-------- Given information --------

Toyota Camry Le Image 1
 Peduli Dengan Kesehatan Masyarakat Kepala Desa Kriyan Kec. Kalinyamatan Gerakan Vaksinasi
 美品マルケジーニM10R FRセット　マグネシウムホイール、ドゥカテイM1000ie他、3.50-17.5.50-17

--------

The whole of the data above must be given again, unaltered and complete.

__Answer for the task__
Toyota Camry Le Image 1
 Peduli Dengan Kesehatan Masyarakat Kepala Desa Kriyan Kec. Kalinyamatan Gerakan Vaksinasi
 美品マルケジーニM10R FRセット　マグネシウムホイール、ドゥカテイM1000ie他、3.50-17.5.50-17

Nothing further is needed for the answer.